Dataset entries
^^^^^^^^

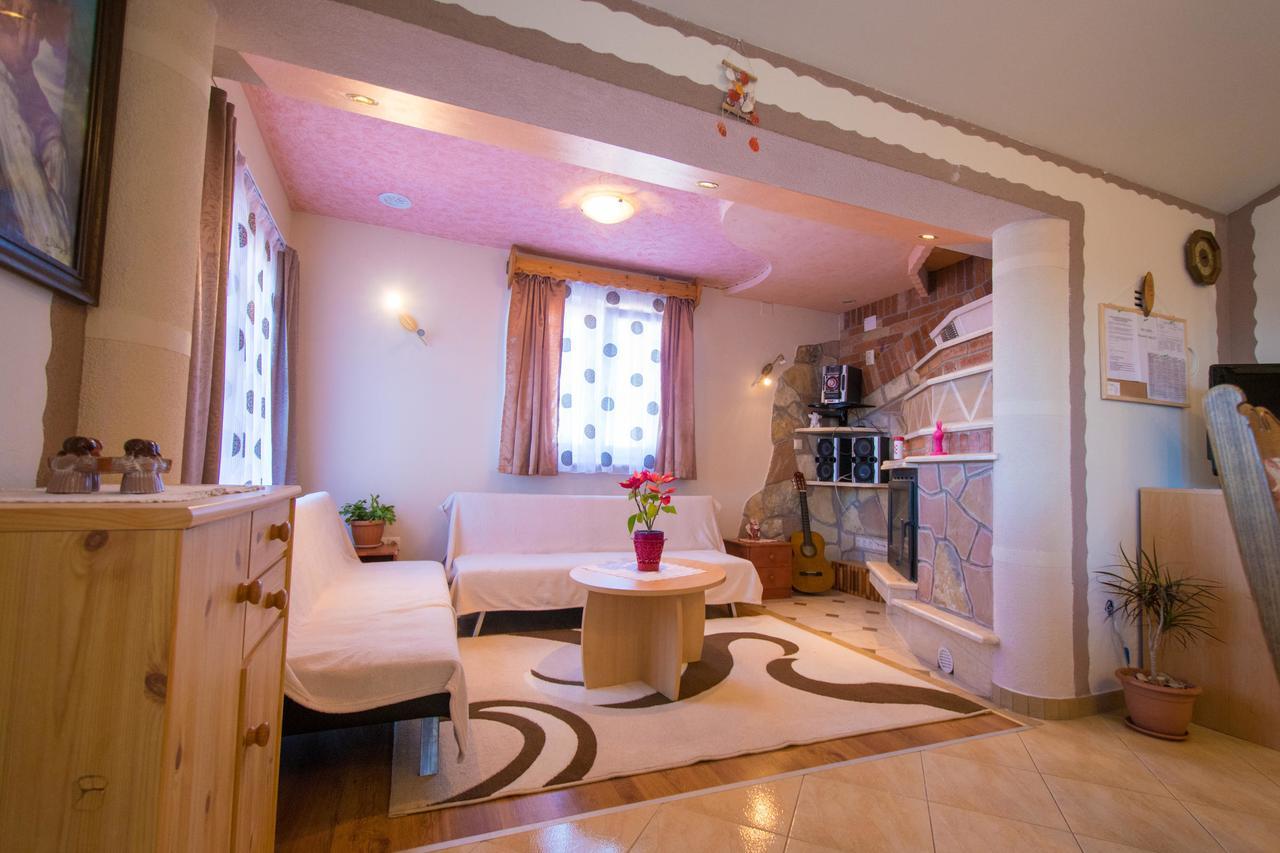 Apartment Hajdi Малинска Екстериор снимка
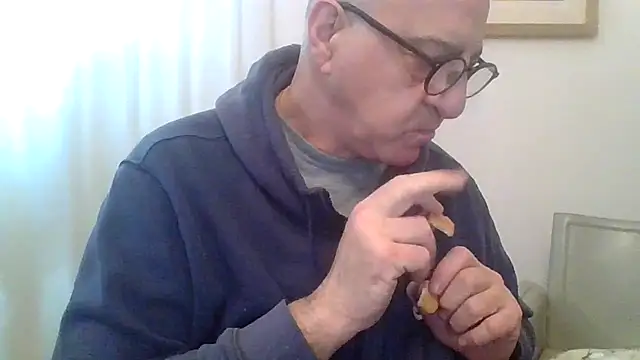 ANONIMO7735 online show from 15, 2, 2026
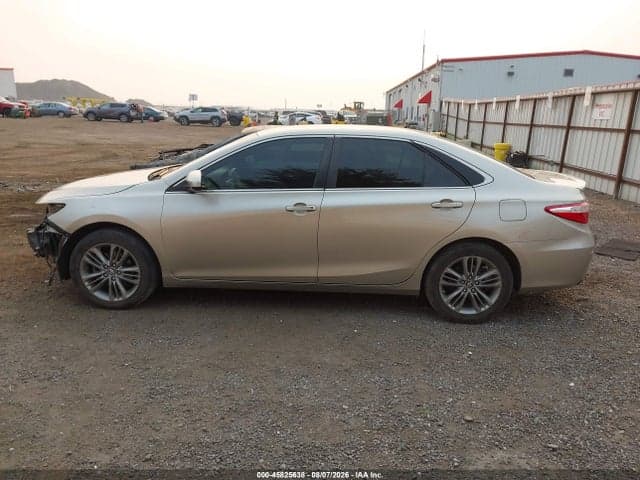 2017 TOYOTA CAMRY SE 15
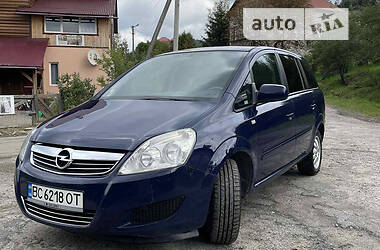 Opel Zafira  2010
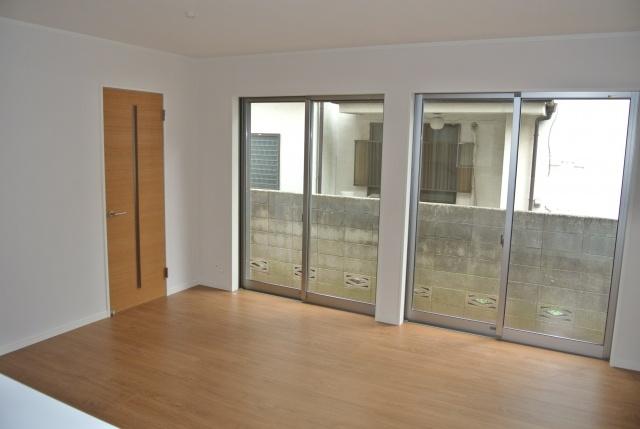 Same specifications photos (living)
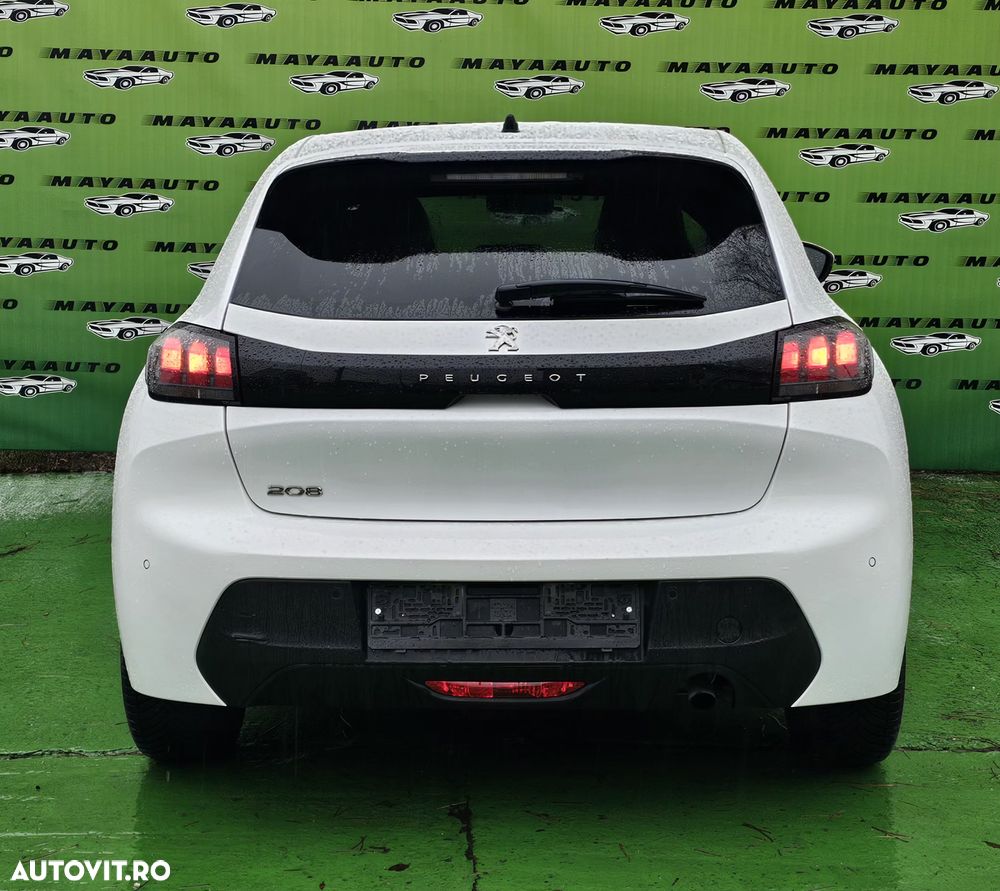 Peugeot 208 PureTech 100 EAT8 Active - 8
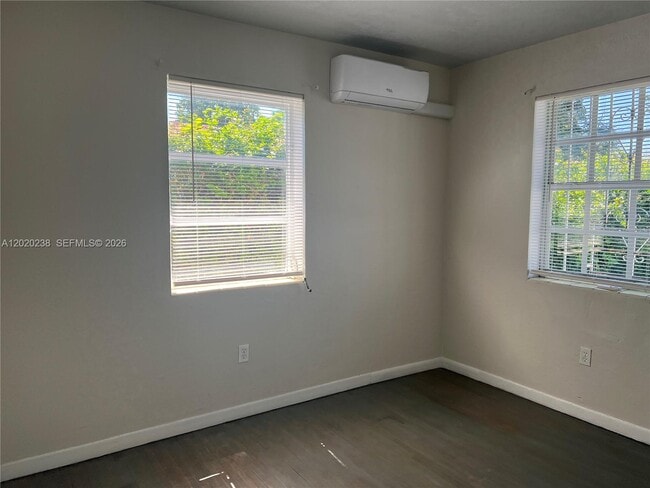 Building Photo - 740 NW 31st St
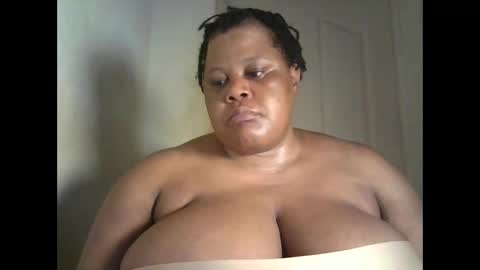 Snapshot of ebony_magixs chatting on 10.21.25 ebony_magixs online show from 10.21.25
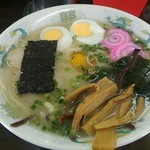 博多ラーメン八千亭 - デラックスラーメン（７００円）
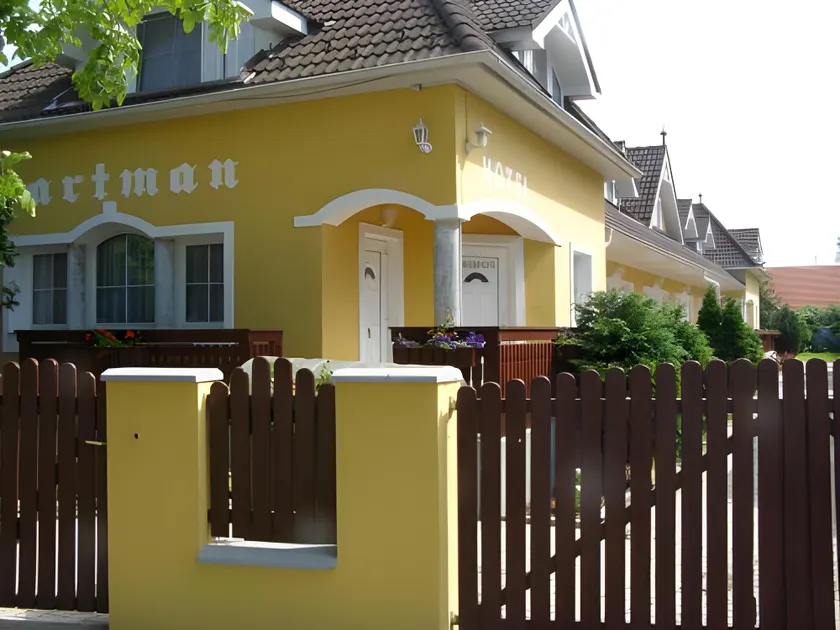 Óvár Apartman - Image 1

^^^^^^^^

Task
Pictures are not part of the copy. Extract exactly the lines from the line containing "Building Photo - 740 NW 31st St" through the final line of the entries above, both included.

Solution for this problem
 Building Photo - 740 NW 31st St
 Snapshot of ebony_magixs chatting on 10.21.25 ebony_magixs online show from 10.21.25
 博多ラーメン八千亭 - デラックスラーメン（７００円）
 Óvár Apartman - Image 1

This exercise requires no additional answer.